* [Problem description]: Look for the line containing "La Marseillaise French" and the line containing "Wallclock :: Elbphilharmonie" in the entries below. Copy those two and all lines between them exactly, leaving out pictures.

* [Provided data]:
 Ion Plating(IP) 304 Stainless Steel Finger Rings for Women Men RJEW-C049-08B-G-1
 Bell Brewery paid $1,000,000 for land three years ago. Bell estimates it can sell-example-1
* * *
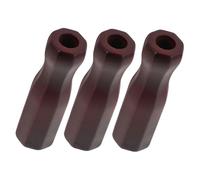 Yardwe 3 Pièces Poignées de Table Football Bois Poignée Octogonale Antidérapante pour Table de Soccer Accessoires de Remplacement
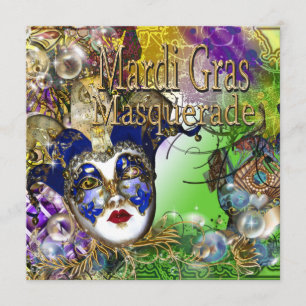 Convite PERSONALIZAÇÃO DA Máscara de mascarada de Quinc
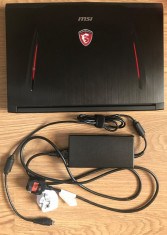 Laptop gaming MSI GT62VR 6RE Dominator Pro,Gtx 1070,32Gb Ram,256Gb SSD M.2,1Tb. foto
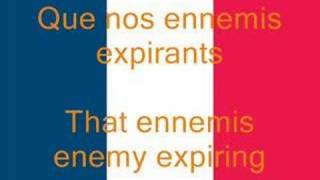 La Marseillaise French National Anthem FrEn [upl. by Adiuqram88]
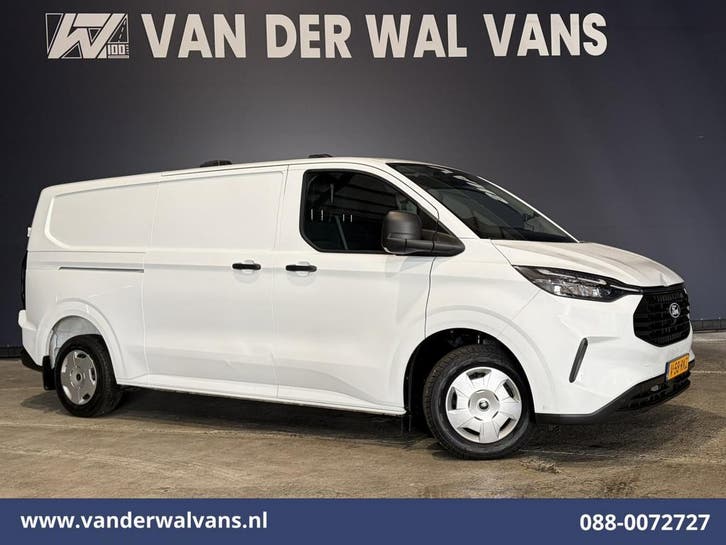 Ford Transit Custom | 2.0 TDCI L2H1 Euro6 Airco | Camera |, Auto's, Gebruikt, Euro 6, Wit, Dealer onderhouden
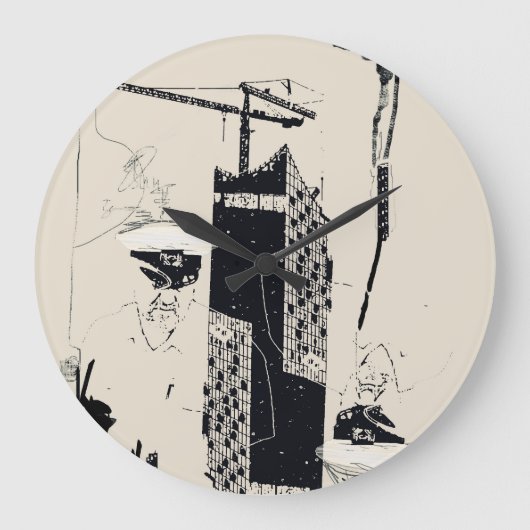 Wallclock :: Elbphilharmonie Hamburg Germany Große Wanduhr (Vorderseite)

* [Answer to this problem]:
 La Marseillaise French National Anthem FrEn [upl. by Adiuqram88]
 Ford Transit Custom | 2.0 TDCI L2H1 Euro6 Airco | Camera |, Auto's, Gebruikt, Euro 6, Wit, Dealer onderhouden
 Wallclock :: Elbphilharmonie Hamburg Germany Große Wanduhr (Vorderseite)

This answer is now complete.